The following are his main works:

- An Apology in Defence of the Geneva Notes on the Bible (written circa 1612).
- A Patterne of Pietie, or the Religious life and death of that grave and gracious Matron, Mrs. Jane Ratcliffe, Widow, and Citizen of Chester, 1640.
- Sunday a Sabbath, or a preparative Discourse for discussion of Sabbatary doubts, 1641.
- The Christian Sabbath maintained, in Answer to a book of Dr. Pocklington styled "Sunday no Sabbath." Reply to John Pocklington.
- 'A Letter against the Erection of an Altar,' 1641.

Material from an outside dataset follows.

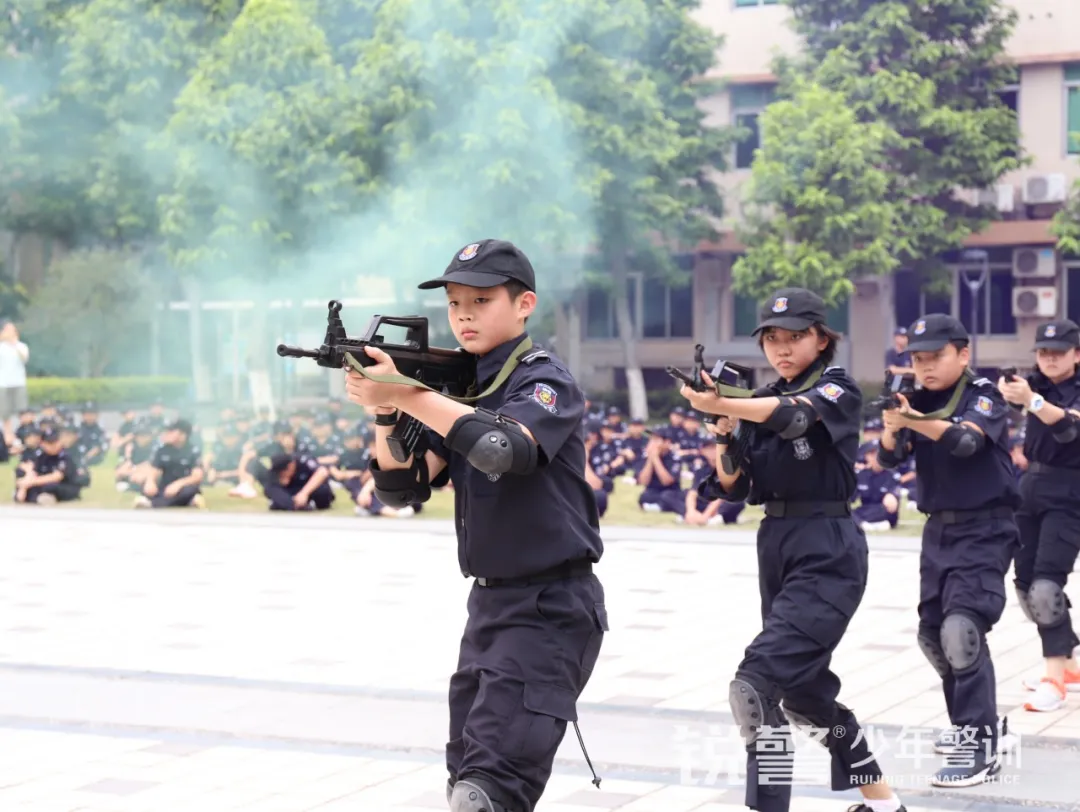 锐警少年警训夏令营：我们在奔跑，创造属于自己的警察梦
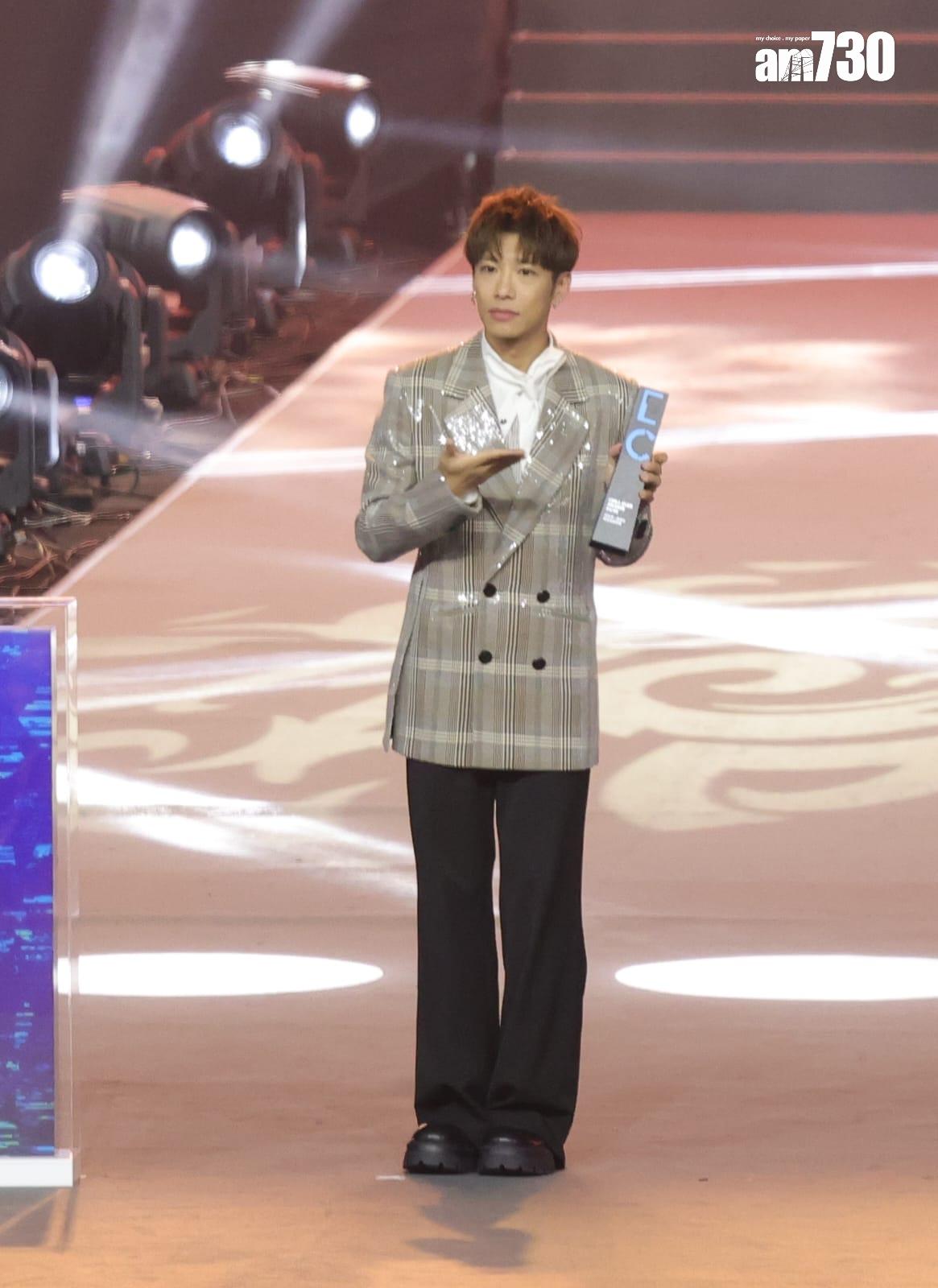 洪嘉豪《黑玻璃》奪音樂第一 歌曲獎(節奏藍調歌曲)。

- 'A Case of Conscience concerning the Sacrament of the Lord's Supper,' 1641.
- 'Defensive Doubts, Hopes and Reasons for Refusall of the Oath imposed by the sixth Canon of the late Synod,' 1641.
- 'A Comparison of the Parliamentary Prostestation with the late Canonical Oath,' 1641.

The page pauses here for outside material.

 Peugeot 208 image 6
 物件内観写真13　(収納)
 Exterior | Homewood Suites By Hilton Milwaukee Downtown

- 'A Discourse concerning Puritans,' 1641.
- 'A Monitor of Mortality,' 1643 (two funeral sermons).
- 'Fury of War and Folly of Sin,' 1643, a sermon.
- 'The New Quere and Determination upon it, by Mr. Saltmarsh ... examined,' 1646.
- 'Apologetical Narrative of the late Petition of the Common Council and Ministers of London,' 1646.
- 'Light for Smoak, or a cleare and distinct Reply to a dark and confused Answer in a book made and entitled "The Smoke in the Temple" by John Saltmarsh,' 1646.
- 'An After-reckoning with Mr. Saltmarsh,' 1646.
- 'Attestation of the Ministers of Cheshire to the Testimony of the Ministers of the Province of London,' 1648.
- 'Elaborate Annotations on the Pentateuch,' 1651.
- 'A Learned Defence for the Legaluty of Tithes,' Oxford, 1653.
- 'General Reasons against the Payment of a fifth part to Sequestered Ministers' Wives and Children ... whereto are added special Reasons against the Payment of a fifth part to Dr. E. H[yde] out of the Rectory of Brightwell,' 1654.
- 'Debate concerning the English Liturgy drawn out in two English and two Latin Epistles, written betwixt Edward Hyde and John Ley,' 1656.
- 'Discourses or Disputations, chiefly concerning matters of Religion,' 1658.
- 'Animadversions on two printed Books of Joh. Onely, a Lay Preacher.'
- 'Equitable and Necessary Considerations for the Association of Arms throughout England and Wales.'
- 'Comparison of the Oath of the Sixth Canon of the last Synod of Bishops and the Protestation set forth by the Parliament, in Answer to a letter of Pedoel Harlow, Gent.'
- 'Exceptions Many and Just, being an Answer to two injurious Petitions against Tithes.'

He was an important contributor to the Westminster Annotations (Annotations upon all the Books of the Old and New Testament, 1645), with Meric Casaubon, John Downame, Daniel Featley, Thomas Gataker, William Gouge, Adam Pemberton, John Reading, Edward Reynolds, and Francis Taylor.